The domestic unit opened weaker at 60.60 from Thursday's close of 60.44 per dollar due to lower domestic equity market and demand for dollars.

“There was short covering by a few banks which bought dollars. Also, market players anticipated a positive US jobs data which will be announced later on Friday. Both these weighed heavily on the rupee,” said Mohan Shenoi, President – Group Treasury, Kotak Mahindra Bank.

The Indian currency touched an intra-day low of 61.19 per dollar, closer to its earlier historic low of 61.21 on July 8. The rupee depreciated 3.4 per cent this week.

An unchanged interest rate by RBI and weak growth outlook amid widening current account deficit concerns are putting pressure on the Indian currency.

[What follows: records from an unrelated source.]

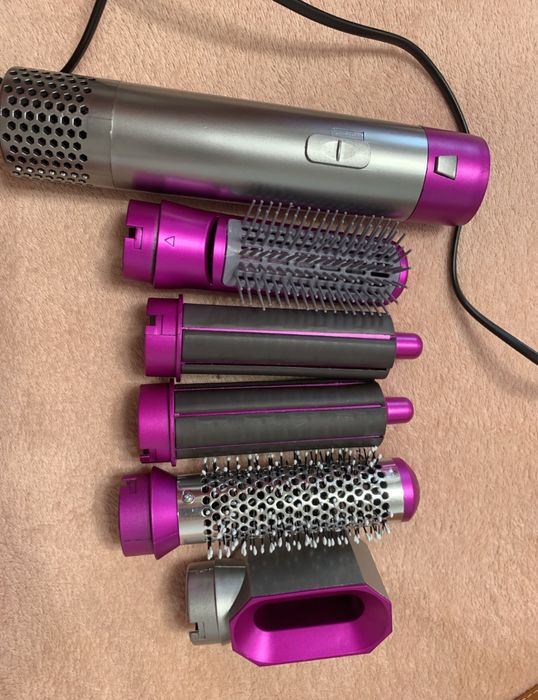 Продам новий фен дайсон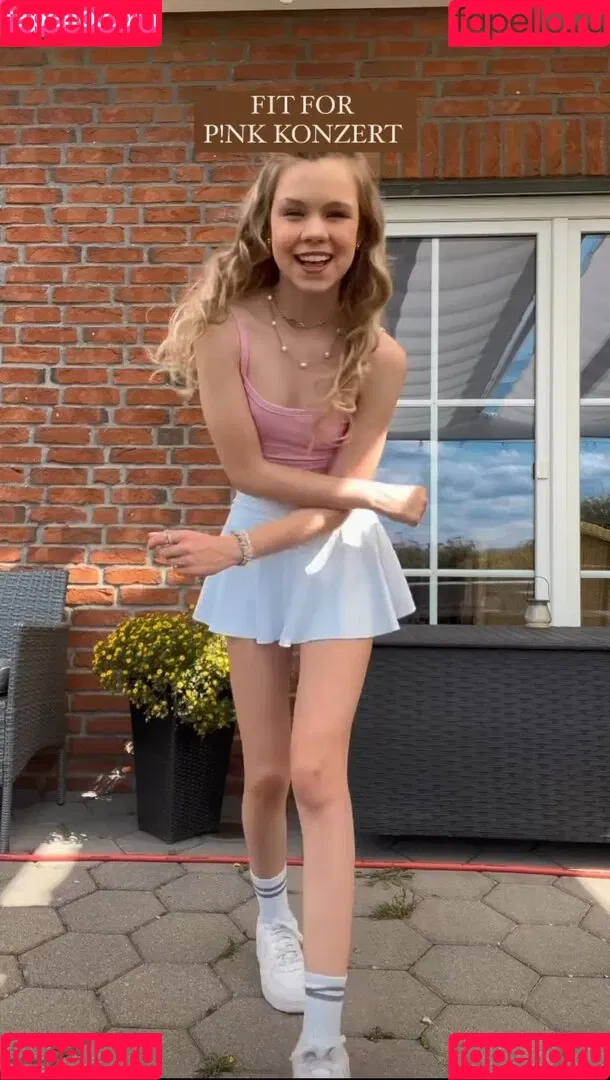 Lea Peach Onlyfans Photo Gallery 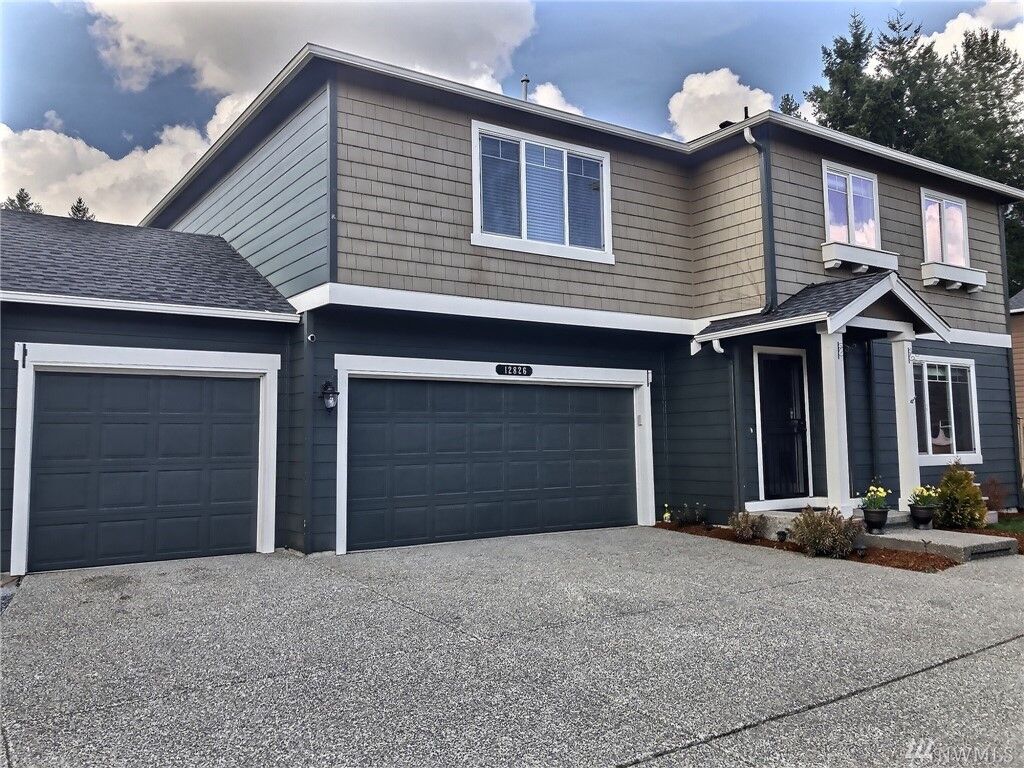 Property Photo: 12826 E 80th Ave Avenue Ct E WA 98373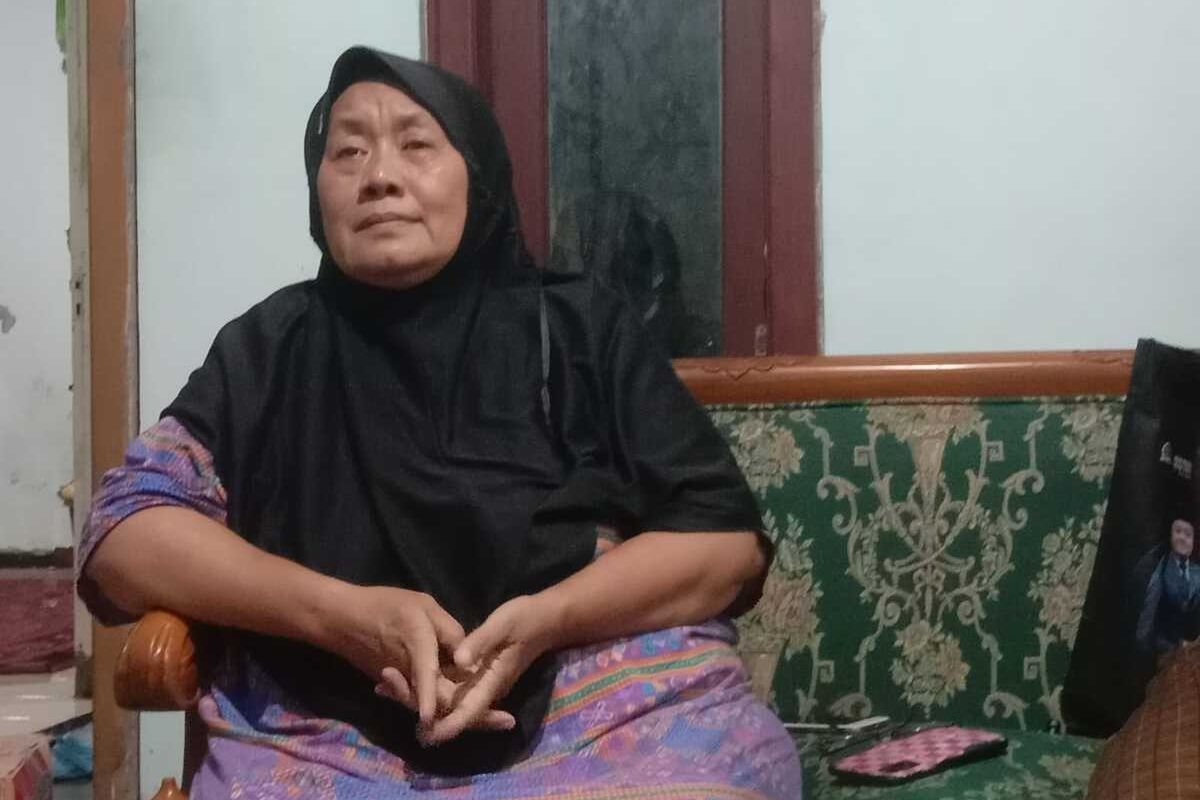 Masruroh (kiri), penjual gorengan asal Dusun Blimbing, Desa Kwaron, Kecamatan Diwek, Kabupaten Jombang, Jawa Timur, saat ditemui di rumahnya, Jumat (25/4/2025) malam.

Further, the RBI Governor maintained that the roll back in the liquidity tightening measures announced last week will be in a calibrated manner after the rupee volatility stabilises.

According to Shenoi, the rupee has stopped moving on sentiments and the market players are looking towards government measures to translate into steady capital inflows.

India Forex Advisors, CEO, Abhishek Goenka says the rupee is likely to moderate towards 57 levels in the short term but headed for a bigger fall going forward.

Call rates, bond yields

The inter-bank call money rates, the rates at which banks borrow short-term funds from each other, closed flat from its previous close of 7.50 per cent.

The benchmark 7.16 per cent government security, which matures in 2023, sharply dropped to close at Rs 92.55 from a close of Rs 93.93 on Thursday. Yields on the security hardened to 8.28 per cent from Thursday’s close of 8.06 per cent.

Bond prices and its yields move in the opposite direction.